A mi lado se sentó un hombre. Su conversación era fluida. Dijo que era marino mercante, que había viajado por todo el mundo. Me habló de la rosa de los vientos, de la bitácora, del octante. Me contó historias mitológicas y leyendas marineras que me tenían encandilada. Su voz era rica en matices, su porte arrogante y su sonrisa pasaba rápida transformándose en la mueca que el relato de turno requería.

Pero quizá el secreto de la innegable atracción del viejo marino fuese su rostro. Los surcos de sus mejillas, los pliegues de su cuello, esos ojos hundidos que arrugaba sin cerrarlos cuando emitía un sonido gutural que quería ser un suspiro. No podía dejar de mirarle, todo ello me parecían señales evidentes de sucesos repletos de misterio.

El traqueteo del tren y el cansancio me vencieron, a pesar de mis esfuerzos por mantenerme espabilada. Aun así percibí, en el dulzor del primer sueño, un ligero perfume de brea en una mano tosca que acariciaba mi pelo.

Al despertar ya no estaba aquel hombre, pero la fascinación que me produjeron sus historias, se mantuvo hasta llegar a mí destino.

Enamorada de la cultura celta, había decidido viajar a Galicia. Quería impregnarme de los hechizos de sus bosques, visitar el monte Pindo, buscar reminiscencias de su arte, los mitos, los símbolos y sobre todo, los ecos de sus emociones en la música.

Asistí a un concierto. Cinco hombres y una mujer llenaron el escenario. Gaitas, violín, tamboril, conchas marinas y una voz, la de ella.

Empezó acariciando el ocaso con un vaivén de notas combinadas mágicamente, meciéndonos, transportándonos a mundos infinitos. Después nos exaltaba, nos hacía bailar, llorar o reír, al fundirnos con la poesía de sus canciones.

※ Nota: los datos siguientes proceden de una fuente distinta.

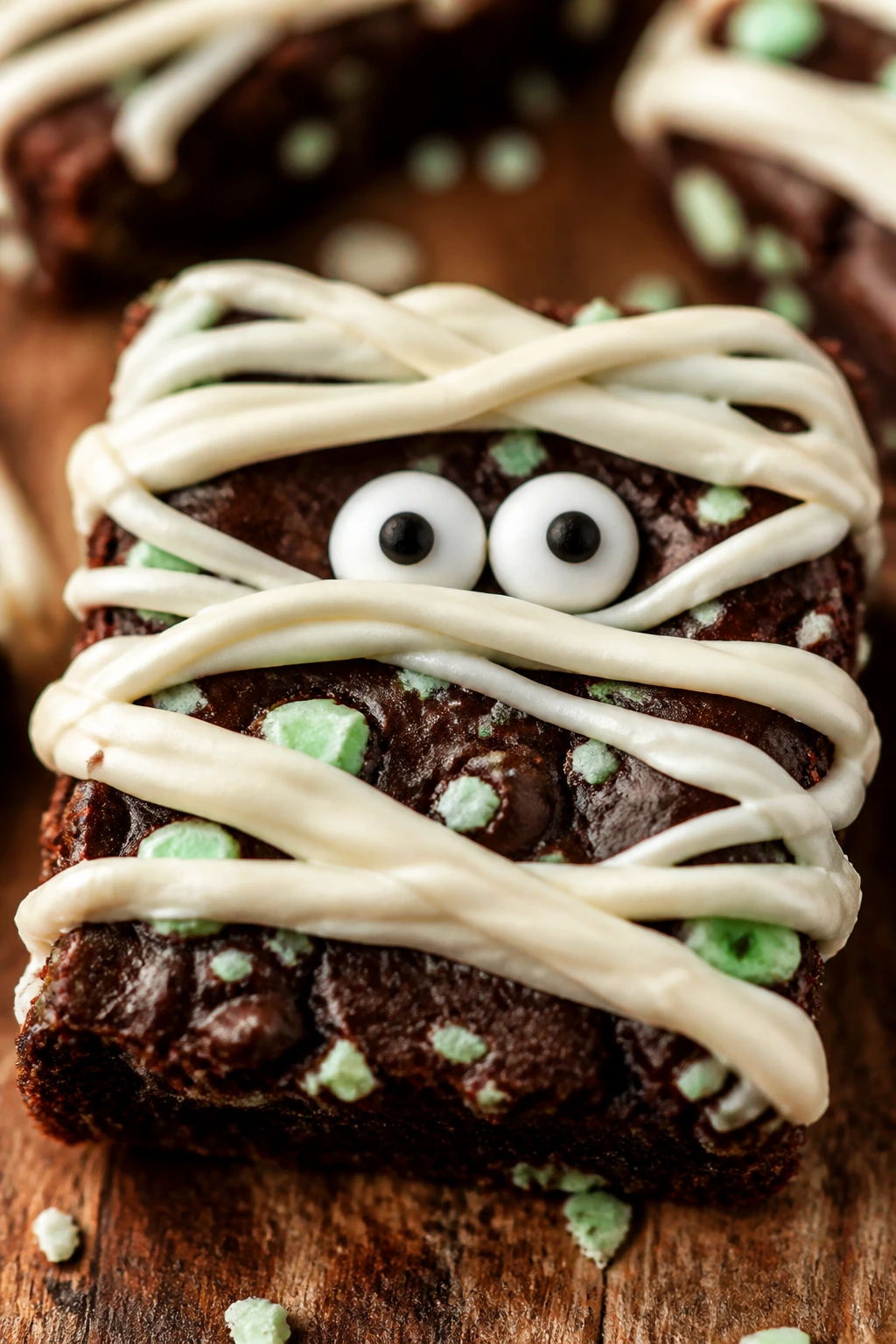 Close-up of a mint chocolate mummy brownie with candy eyes on a wooden surface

Cesó el violín, cesaron las gaitas y la voz se fue diluyendo poco a poco, hasta el final de una nota arrastrada.

No hubo vítores ni bravos, el respeto del silencio aplaudía por nosotros. Fueron unos segundos, después una gran ovación.

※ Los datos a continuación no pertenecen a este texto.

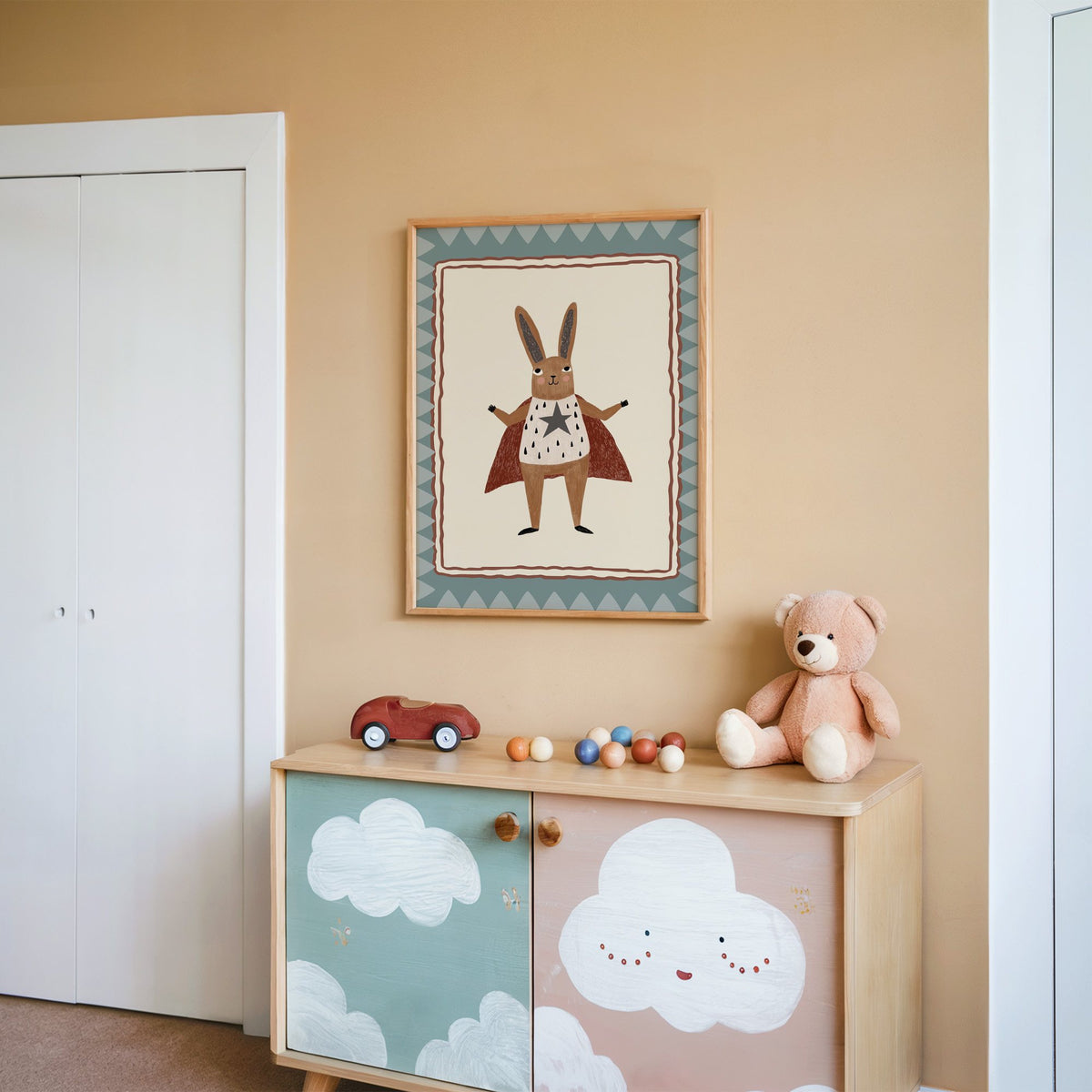 Superhero bunny in red cape nursery print in an oak frame on a peach wall above a cloud-painted cabinet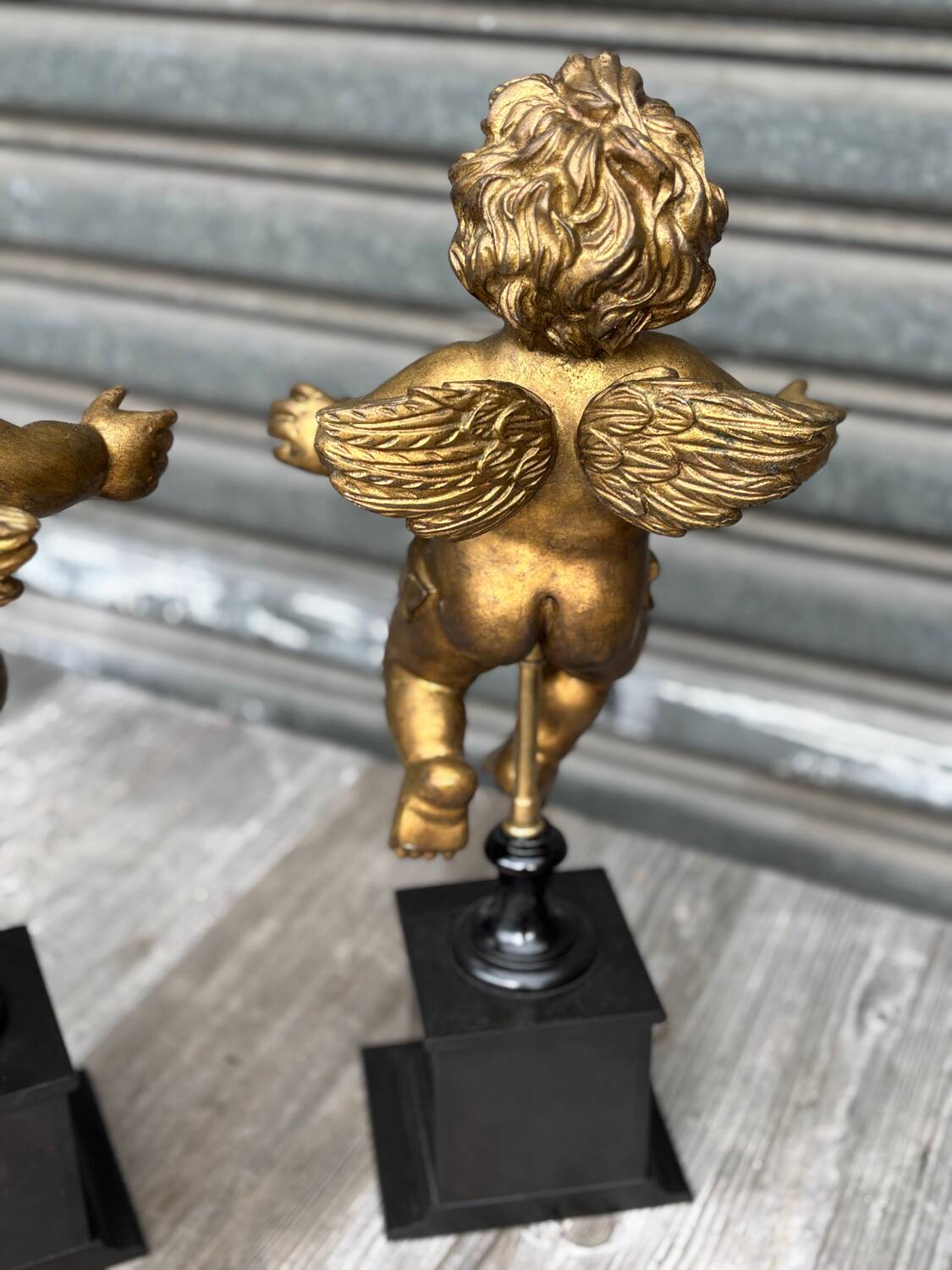 Pair of gilded cherubs on a Napoléon III base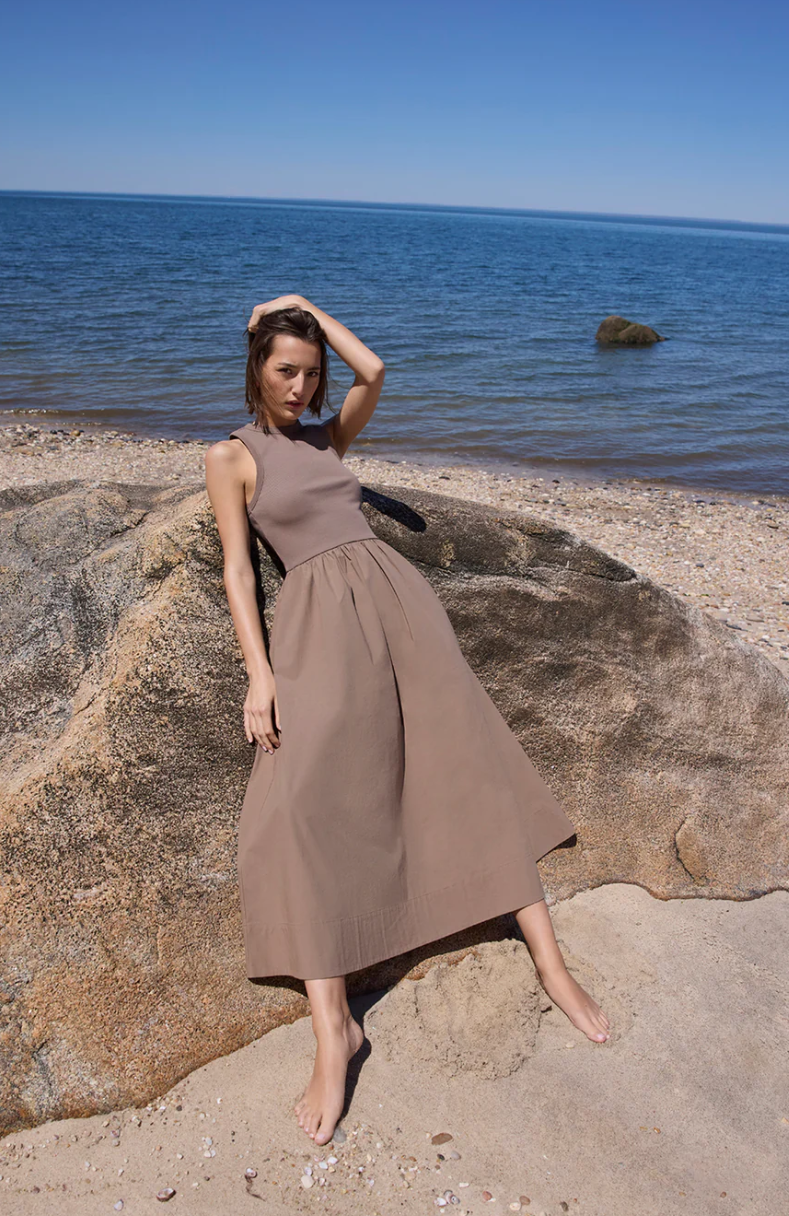 The RSVP Dress, model leaning against rock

La música, la danza y el vino embriagaron mis sentidos y atraída por el rítmico chocar del mar contra las rocas, llegué al acantilado. Era noche de niebla temprana, solo el escaso resplandor de una luna menguante acompañaba mi anhelo, el deseo de sorber el momento como si de un brebaje preparado por dioses se tratara y que me hiciera retener para siempre, la magia de lo vivido.

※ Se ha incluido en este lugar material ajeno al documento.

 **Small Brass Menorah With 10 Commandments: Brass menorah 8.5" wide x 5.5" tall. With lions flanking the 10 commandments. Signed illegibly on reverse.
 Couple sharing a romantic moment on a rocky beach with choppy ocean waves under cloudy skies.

Aun no sé cómo, pero a pesar de lo abrupto del camino, conseguí llegar a la playa. Metí los pies en el agua y caminé. La noche se había tragado el horizonte y hasta la espuma de las olas parecía negra. Tropecé con algo y caí, quise levantarme y una ola me derribó de nuevo. Había subido la marea y estaba lejos de la orilla, el viento bramaba y el batir de las olas se escuchaba, pero además había un sonido hipnótico que penetraba más allá de mis oídos. Vi a pesar de la oscuridad, que algo brillaba bajo el agua enredándose entre mis piernas. Lo que quiera que fuese aquello, merodeaba a mi alrededor impidiéndome retroceder o avanzar, como si su objetivo fuese atarme con una cuerda invisible. Quise apartarlo con las manos chapoteando en el agua y logré rozar algo viscoso que rápidamente se alejó, dejando una larga estela plateada.

Quería salir pero estaba totalmente desorientada por la oscuridad, por un momento me pareció que alguien tiraba de mí. Con la voluntad anulada por el miedo, me dejé llevar por aquella extraña fuerza que me arrastraba.

Llegué a la orilla desfallecida y me tumbé en la arena. Quise serenarme, el aturdimiento no me dejaba razonar y quedé sumida en una especie de letargo semi consciente.

Apuntaba el alba, tenía frio y pensé que debía regresar al pueblo. Al incorporarme, un ligero mareo me paralizó un instante y cerré los ojos. Me pareció notar el aliento de un suspiro quejicoso y en el aire un suave olor a brea.